FAQ

How to enable serialization of models in memory?

During the model loading stage, use the serialize_to_memory interface for loading.

(model_loader.load_model()
 .read_model_config()
 .serialize_to_memory(engine, enable_quant=init_quant, weight_only_quant=weight_only_quant)
 .free_model())

Note that after installing the model, you can call the model_loader.free_memory_serialize_file() interface to release memory, which will also be released when the process exits.

How to initiate a request with converted IDs (non-text)?

The example shows how to initiate a text request, but in many scenarios, users need to initiate requests directly with converted IDs. In such cases, you can use the following interface to initiate the request:

# Just an example of how to tokenize your text
tokenizer = model_loader.init_tokenizer().get_tokenizer()
encode_ids = tokenizer.encode(input_str)
# Send an ID request
status, handle, queue = engine.start_request_ids(safe_model_name, model_loader, encode_ids, gen_cfg)

How to set up multi-GPU?

When generating the runtime config, set multi-GPU with runtime_cfg_builder = model_loader.create_reference_runtime_config_builder(safe_model_name, TargetDevice.CUDA, device_list, max_batch=8).
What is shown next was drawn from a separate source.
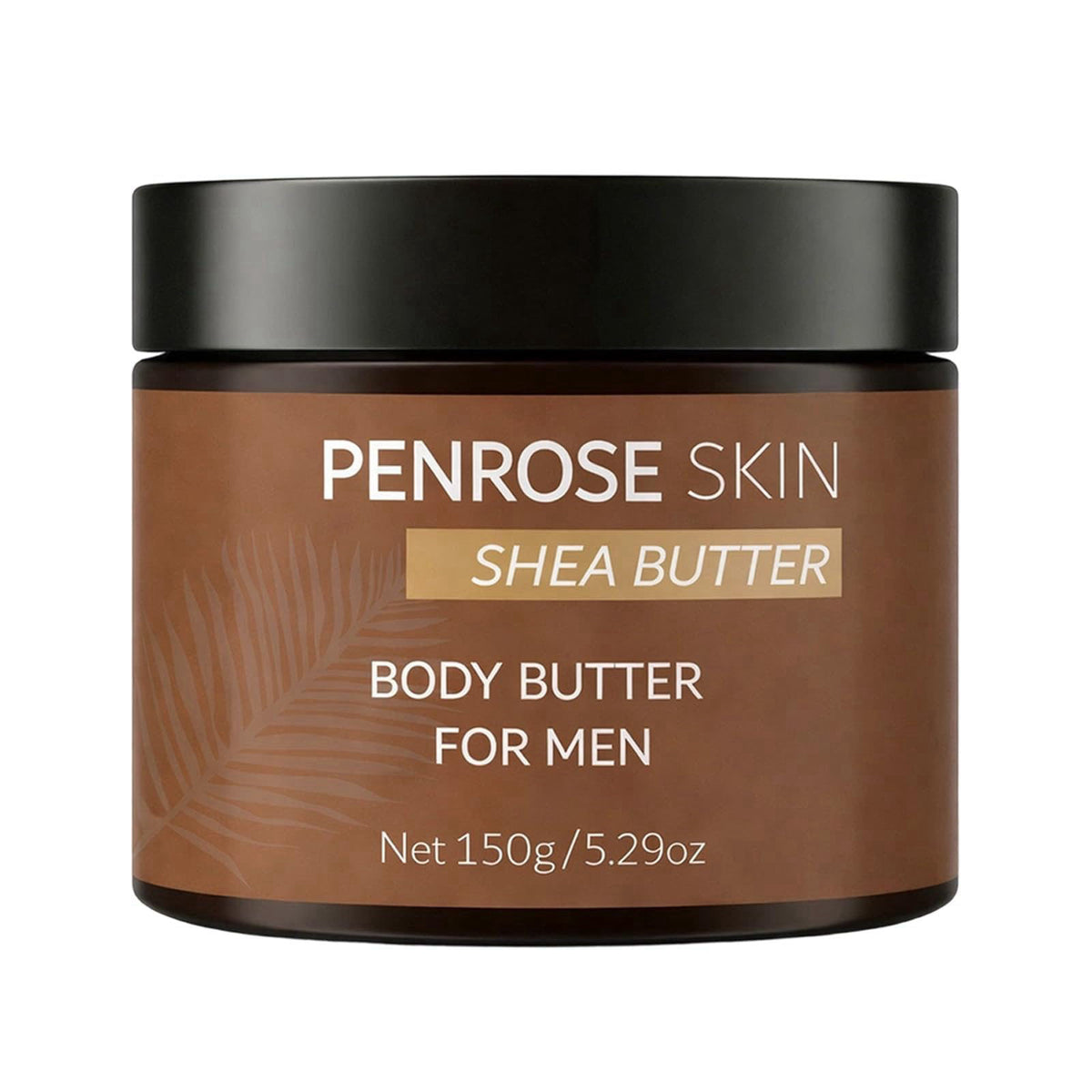 Body Butter, Penrose Skin Body Butter for Men, Scents Body Cream with Shea Butter, Cocoa Butter & Coconut Oil, Hydration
How to switch the precision of model execution, e.g., float16 and bfloat16?

In HuggingFaceModel, use user_set_data_type to set the model type, and the engine will convert the model’s weights to the corresponding data type.

For example:

allspark.HuggingFaceModel(model_model_path, safe_model_name, in_memory_serialize=in_memory,
                          user_set_data_type="bfloat16")

How to configure RuntimeConfig using a dictionary?

AsModelRuntimeConfigBuilder can be imported using the from_dict() function. The format can be referenced from the DIConfig YAML format, and you can also use the corresponding dictionary format for configuration.

Here’s an example:

input_dict = {
    'model_name': 'test_model',
    'compute_unit': {
        'device_type': 'cuda',
        'device_ids': [0, 1],
        'compute_thread_in_device': 2
    },
    'engine_max_length': 100,
    'engine_max_batch': 32
}
# Create a Builder instance and call from_dict
builder = AsModelRuntimeConfigBuilder()
builder.from_dict(input_dict)

For the complete configuration, please refer to the configuration file in DIConfig.

How to asynchronously retrieve output (without calling sync_request)?

See the code in Handling Output section of Quick Start Guide for Python API. Asynchronous output retrieval is the recommended way to achieve high throughput.